= WORK ITEM =
When writing out the listing below, reproduce every word exactly and skip the pictures.

**** INPUT DATA

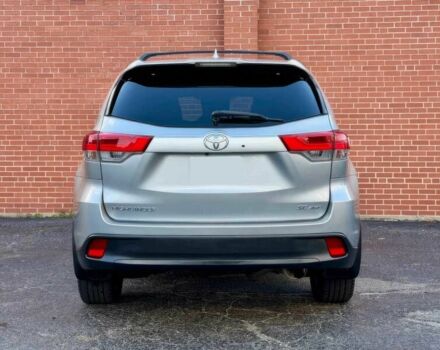 Серый Тойота Хайлендер, объемом двигателя 3.5 л и пробегом 57 тыс. км за 19000 $, фото 6 на Automoto.ua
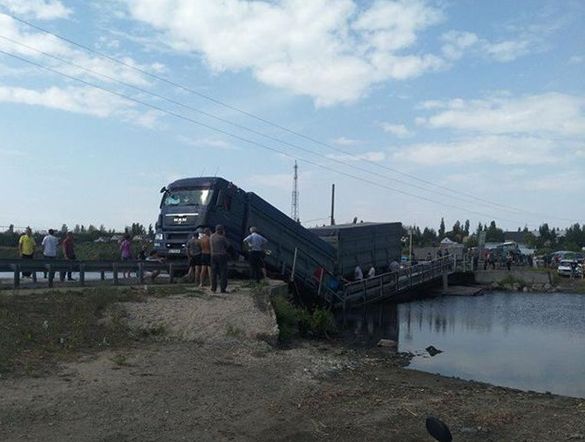 На Николаевщине под фурой обвалился мост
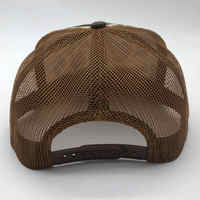 Casquette de baseball 5 panneaux personnalisée brodée en gros, avec dos en maille, visière plate, boucle argentée/cuivrée, ajustable, 100 % coton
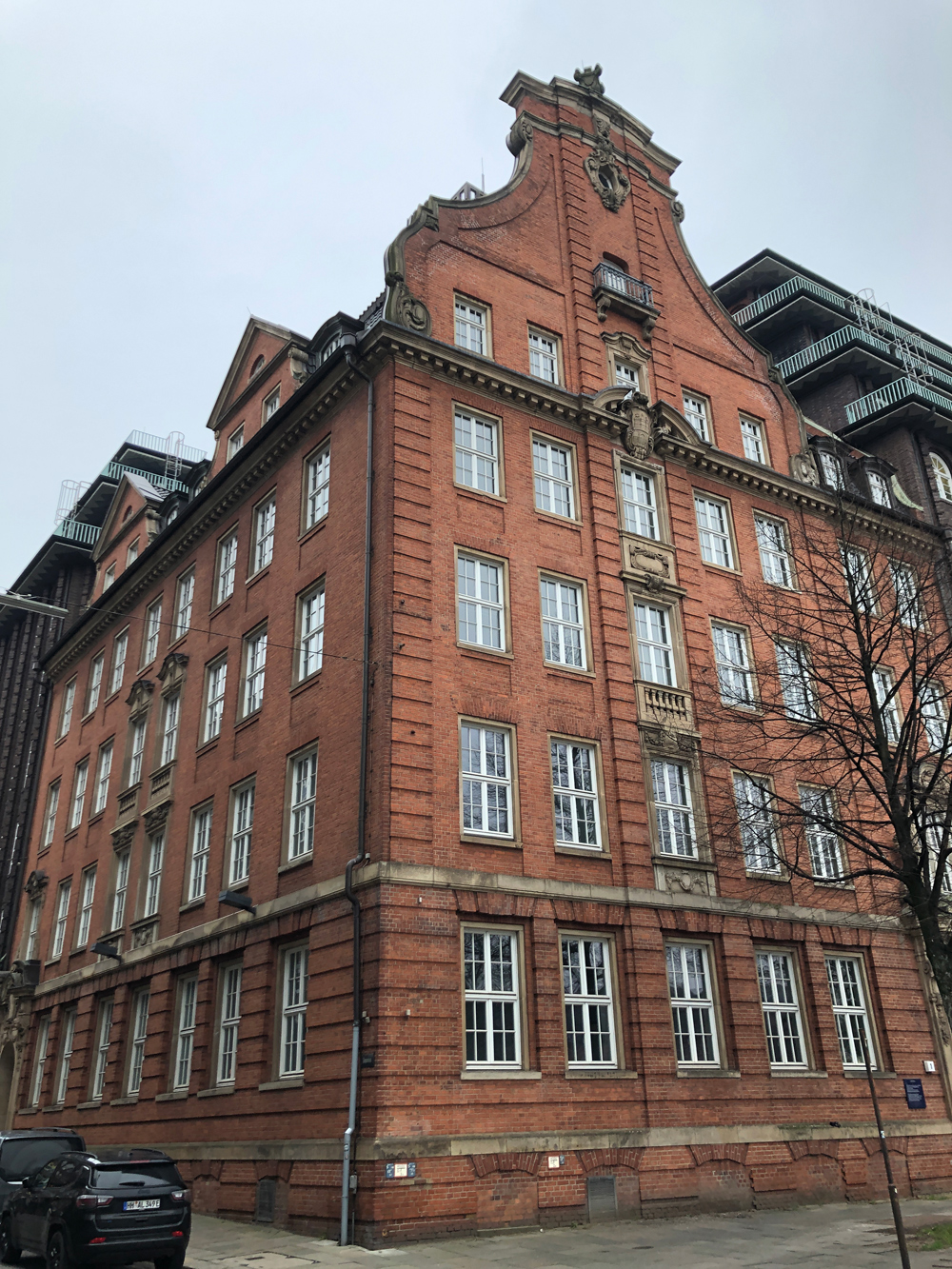 Gebäude mit Klinkerfassade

********

= THE ANSWER =
 Серый Тойота Хайлендер, объемом двигателя 3.5 л и пробегом 57 тыс. км за 19000 $, фото 6 на Automoto.ua
 На Николаевщине под фурой обвалился мост
 Casquette de baseball 5 panneaux personnalisée brodée en gros, avec dos en maille, visière plate, boucle argentée/cuivrée, ajustable, 100 % coton
 Gebäude mit Klinkerfassade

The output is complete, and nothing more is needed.